Latitude and longitudes are double precision inputs, but they are stored internally as a highly optimized HHCode. This format is tailor made for latitude and longitude. Do not try to store other values here.

Elevation is a long, in millimeters. You can store any other long value inside this field.

Value could be one of the four allowed types: BOOLEAN, LONG, DOUBLE, STRING.

In a GTS, you can put any of the four allowed types and even mix them, but this is not advised. The type of the GTS is determined at read time. The type of the first read value will set the GTS type.

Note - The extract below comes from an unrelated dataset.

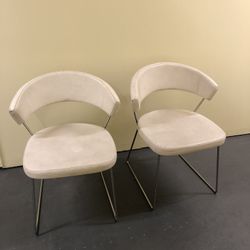 Caligaris White Leather Chairs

When you use text input format, if you plan to use DOUBLE, beware to add .0 to clearly indicate Warp 10 you want to store a DOUBLE. This error is common when you use the API update endpoint. Here is a WarpScript which takes the same input format and parse it to build a GTS:

//example of error in a DOUBLE gts input // there is no elevation // between <' '> this is a multiline string <' 23/48.0:-4.5/ bar{label0=val0} 0 23/48.0:-4.5/ bar{label0=val0} 3.14 23/48.0:-4.5/ bar{label0=val0} 4.1 '> PARSE

You see that the values are rounded to the nearest integer.

RAM versus Storage

The storage part of Warp 10 is designed to store GTS. When you store a GTS, you cannot have different values for the same timestamp. When you manipulate a GTS in RAM memory (on the stack), you can have multiple timestamps. When you store such a GTS with UPDATE function, the storage function remove duplicates timestamp, keeping the value of the last one.

Examples below cannot be executed, you need to practice with your own instance and your own tokens.

'DataLakeW' 'Wt' STORE //store write token 'DataLakeR' 'Rt' STORE //store read token NEWGTS 'testGTS' RENAME 0 NaN NaN NaN 3.14 ADDVALUE //timestamp 0 1 45.0 2.0 NaN 4.0 ADDVALUE //timestamp 1 0 45.0 2.0 NaN 4.0 ADDVALUE //timestamp 0 0 NaN NaN 22 5.0 ADDVALUE //timestamp 0 DUP //let a copy on the stack for visualization $Wt UPDATE { 'token' $Rt 'class' 'tetsGTS' 'labels' {} 'end' NOW // timestamp or ISO8601 string 'count' 10 // limit to last 10 points per gts } FETCH

Hidden property RENAMED

As explained in another tutorial, erasing your own data with UPDATE is easy. For example, you FETCH some data, apply a mean mapper, then UPDATE the result: oops, you have just erased your original data. Warp 10 has a security mechanism to prevent this: if you do not rename a GTS, you cannot UPDATE it. A GTS object has a 'I was renamed' security flag. You cannot see it in the stack JSON representation.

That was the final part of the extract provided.